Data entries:
-----
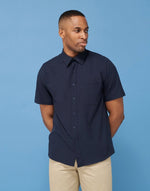 Henbury Wicking Anti-Bacterial Polyester Quick Dry Short Sleeve Shirt - thumbnail 4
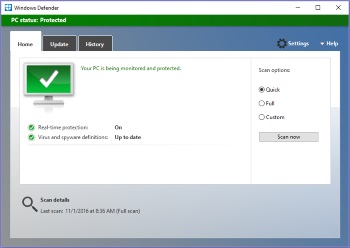 Windows Defender antivirus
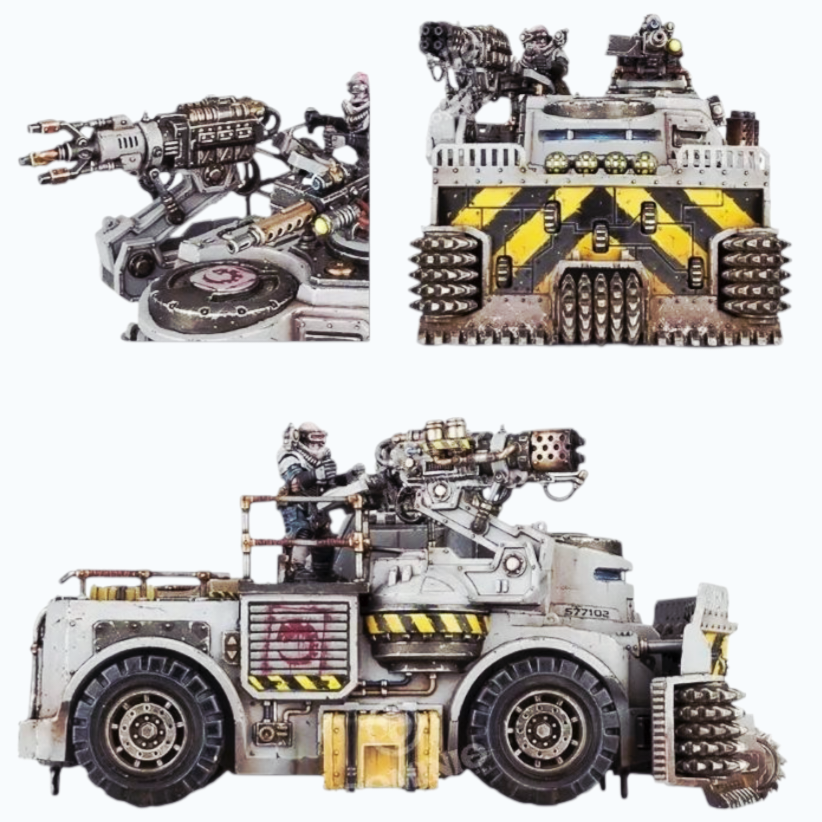 NIB *Warhammer 40000 GeneStealer Cults Goliath Rockgrinder Truck
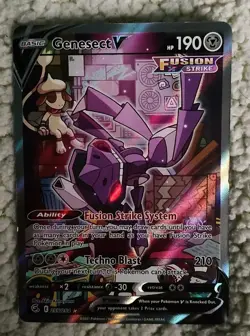 Pokemon TCG Genesect V Fusion Strike 255/264 Holo Full Art Ultra Rare VERY MINT - Image 1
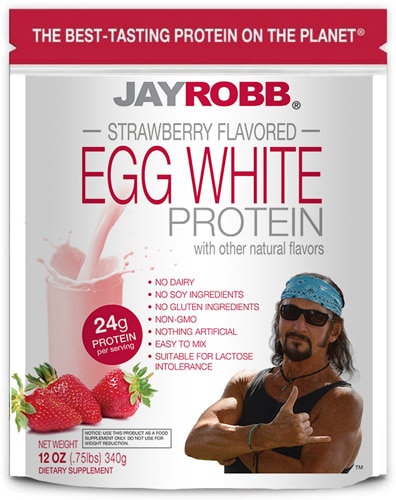 Jay Robb Egg White Protein Strawberry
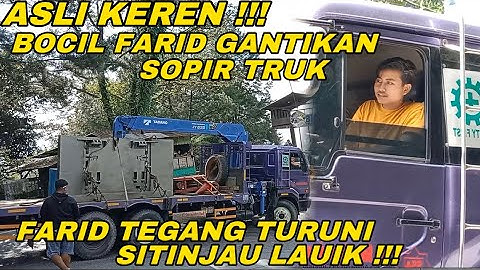 Asli Viral !!! Bocil Farit Gantikan Sopir Truk Turuni Sitinjau Lauik, Sopir Truk ini Tidak Berani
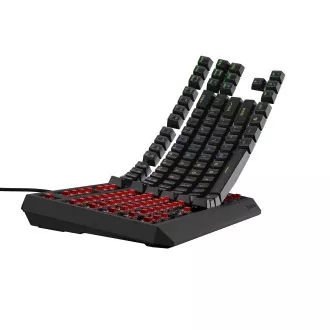 Genesis herní klávesnice THOR 230/TKL/RGB/Outemu Red/Drátová USB/US layout/Černá Genesis herní klávesnice THOR 230/TKL/RGB/Outemu Red/Drátová USB/US layout/Černá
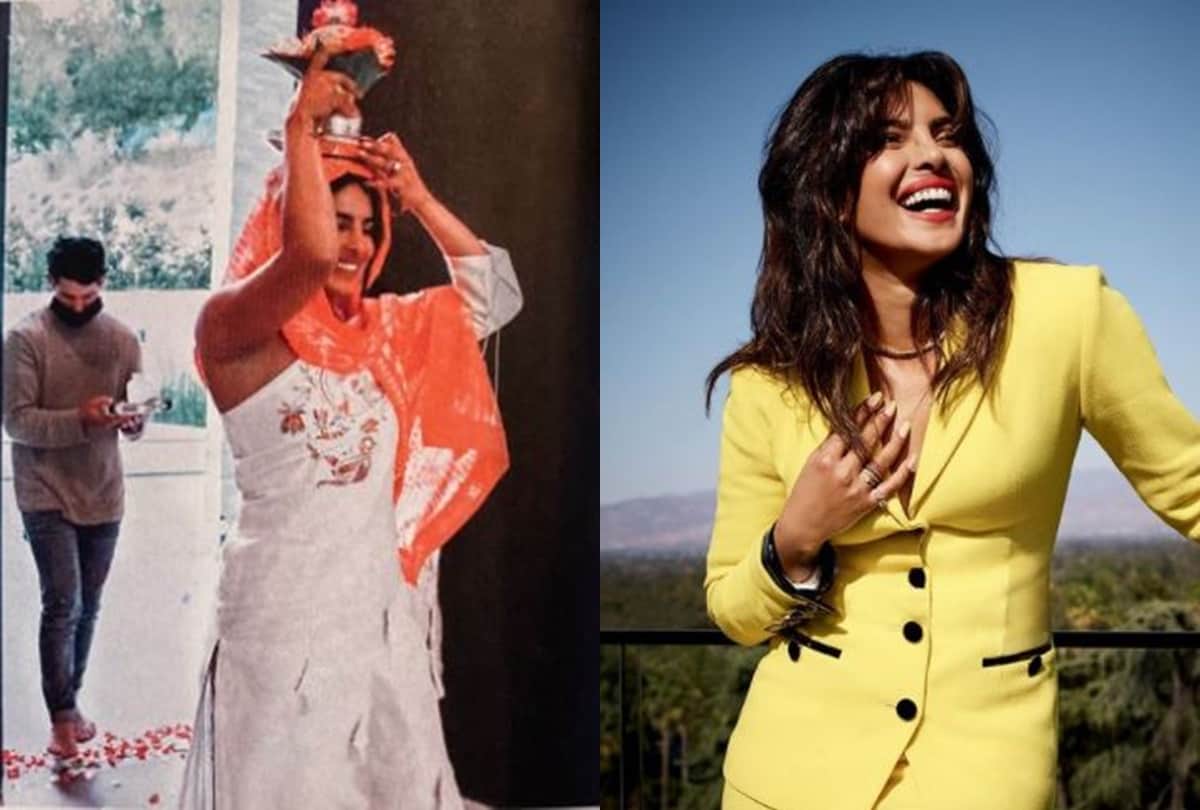Priyanka Chopra book unfinished features griha Pravesh photo with Nick Jonas goes viral on internet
-----
Problem to work on
"USB/US layout/Černá Genesis" marks the last line to keep. Retype every line from the start of the entries through that one, exactly, and drop the pictures.

Answer for this exercise
 Henbury Wicking Anti-Bacterial Polyester Quick Dry Short Sleeve Shirt - thumbnail 4
 Windows Defender antivirus
 NIB *Warhammer 40000 GeneStealer Cults Goliath Rockgrinder Truck
 Pokemon TCG Genesect V Fusion Strike 255/264 Holo Full Art Ultra Rare VERY MINT - Image 1
 Jay Robb Egg White Protein Strawberry
 Asli Viral !!! Bocil Farit Gantikan Sopir Truk Turuni Sitinjau Lauik, Sopir Truk ini Tidak Berani
 Genesis herní klávesnice THOR 230/TKL/RGB/Outemu Red/Drátová USB/US layout/Černá Genesis herní klávesnice THOR 230/TKL/RGB/Outemu Red/Drátová USB/US layout/Černá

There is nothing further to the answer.